All for Joomla All for Webmasters

 

 

Fakultas Teknik Universitas Pancasila (FTUP) mendapat kunjungan penelitian / student exchange programme dari Beuth University of Applied Sciences Berlin, Jerman. Ricarda Baberschke, mahasiswi jurusan mechanical engineering ini melakukan penelitian di UP selama 3 (tiga) bulan terhitung sejak bulan oktober 2018. Rici sapaan akrabnya, bisa hadir disini karena adanya kerjasama antara UP dengan Beuth University dan dari kerjasama tersebut FTUP dapat mengundang Guru Besar Teknik Beuth University Prof. Dr.-ing. Ralf Foster untuk hadir pada Kuliah Umum Industrial Revolution 4.0 (19/10) lalu, di Gedung Annex FTUP.
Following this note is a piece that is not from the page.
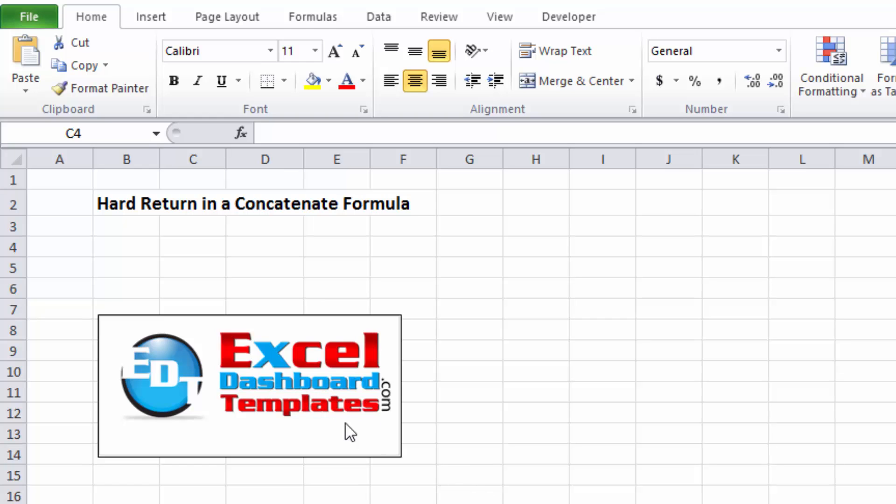Hello and welcome to ExcelDashboardTemplates.com. This is Steve Equals True. Please visit my blog at ExcelDashboardTemplates.com where you're sure to learn the latest posts, tips, tricks, and techniques and learn everything about Excel.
Maksud dan tujuan Rici datang ke UP untuk meneliti dan mengeksplore kekayaan Indonesia salah satunya mengenai green material yang ramah lingkungan contohnya: Bambu, daun pandan dan ijuk. “Menurut penelitian, bambu dapat digunakan menjadi salah satu material konstruksi untuk bangunan, karena bambu memiliki ketahanan yang baik dan ringan, oleh karena itu saat ini dibanyak negara-negara lain, bambu sudah dijadikan alternatif yang sangat baik untuk konstruksi bangunan, ujar Dede Lia Zariatin (dosen pendamping)”. Ini menjadi penelitian yang sangat menarik karena selama ini banyak orang menilai bahwa bambu adalah material yang mudah rusak dan tidak banyak dipilih orang sebagai material konstruksi, saya sangat senang bisa melakukan penelitian disini, belajar banyak mengenai jenis-jenis bambu yang ada di Indonesia, karena di eropa khususnya di jerman tidak ada bambu sama sekali. Jadi saya harap ini bisa menjadi salah satu upaya untuk menjaga dan melestarikan lingkungan. Selama melakukan penelitian disini, saya meneliti tentang bambu menggunakan beberapa metode pendekatan yang dapat gunakan.

 

Hasil pengembangan ini berupa sandwich bamboo, jadi ada beberapa bagian bambu yang di potong dengan ukuran yang sudah ditentukan, kemudian dibagian tengahnya ada material yang direkatkan menjadi satu, dan menjadi suatu material bangunan yang kuat, yang paling visible untuk dapat digunakan adalah sebagai konstruksi/dinding rumah tahan gempa, karena bambu itu elastis, optimal menahan beban tarik, tekan, geser, dan tekuk, dari hal tersebut kita meneliti tentang kekuatan awal menggunakan three points test, dari hasil penelitian kami sejauh ini bambu yang terkuat adalah jenis bambu andong, ujar Rici saat ditemui di Laboratorium Teknik Mesin FTUP.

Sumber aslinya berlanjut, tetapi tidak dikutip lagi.